Antikythera Device Reproduced
The most complex mechanism of antiquity - dating 2,000 or 2,100 years old depending on how you cut it - has been successfully reproduced in stunning order. The Antikythera Device/Mechanism is an ancient mechanical calculator designs to calculate astronomical positions (it not only predicted solar eclipses but also organized the calendar in the four-year cycles of the Olympiad, forerunner of the modern Olympic Games), originally discovered in the Antikythera wreck off the Greek island of Antikythera, between Kythera and Crete, in 1901.
Nothing like this instrument is preserved elsewhere. Nothing comparable to it is known.

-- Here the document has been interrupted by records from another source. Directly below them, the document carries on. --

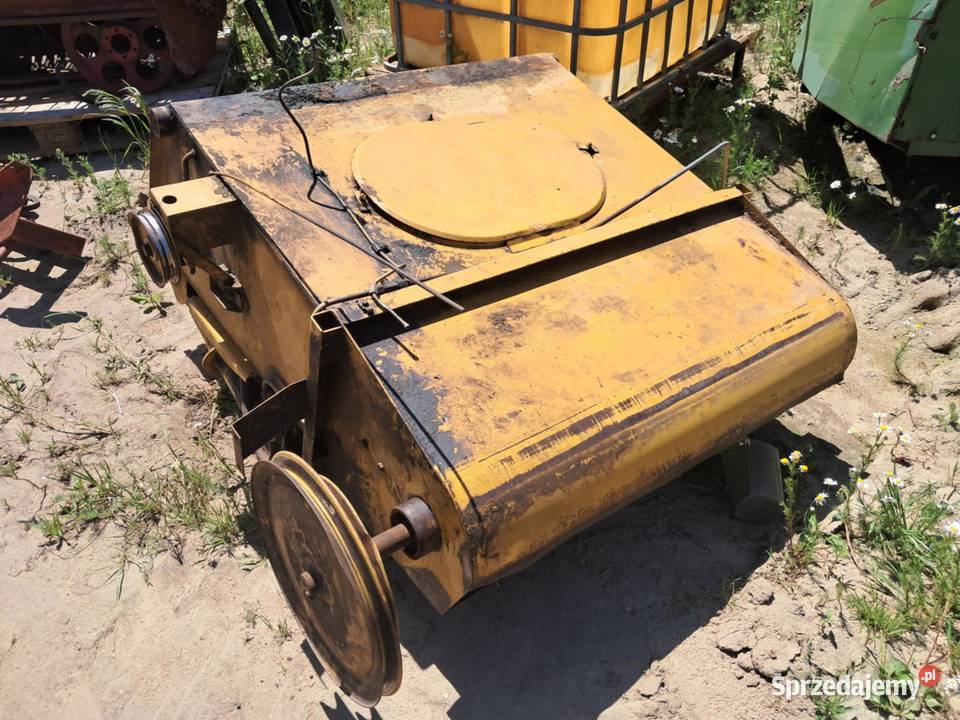 Podajnik pochyły gardziel Sampo 600650 Massey Radom sprzedam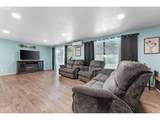948 Queens Ln - Photo 6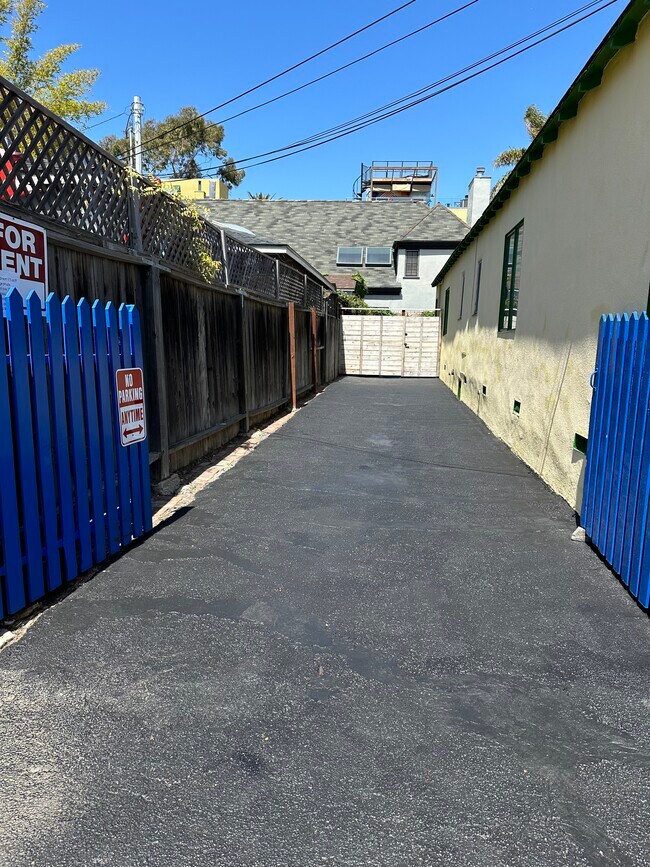 Building Photo - 309 N Venice Blvd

Professor Michael Edmunds of Cardiff University who led the study of the mechanism said: “This device is just extraordinary, the only thing of its kind. The design is beautiful, the astronomy is exactly right. The way the mechanics are designed just makes your jaw drop. Whoever has done this has done it extremely carefully.” He added: “…in terms of historic and scarcity value, I have to regard this mechanism as being more valuable than the Mona Lisa.”
A new working model of the mysterious 2,000-year-old astronomical calculator, dubbed the Antikythera Device, has been unveiled, incorporating the most recent discoveries announced two years ago by an international team of researchers.
The new model was demonstrated by its creator, former museum curator Michael Wright, who had created an earlier model based on decades of study. He demonstrates how the more complete device works in a video originally created on the New Scientist Website. (It’s part of an update story by Jo Marchant, author of Decoding the Heavens, an account not only of the device itself but also the century-old scientific quest to recover its meaning.)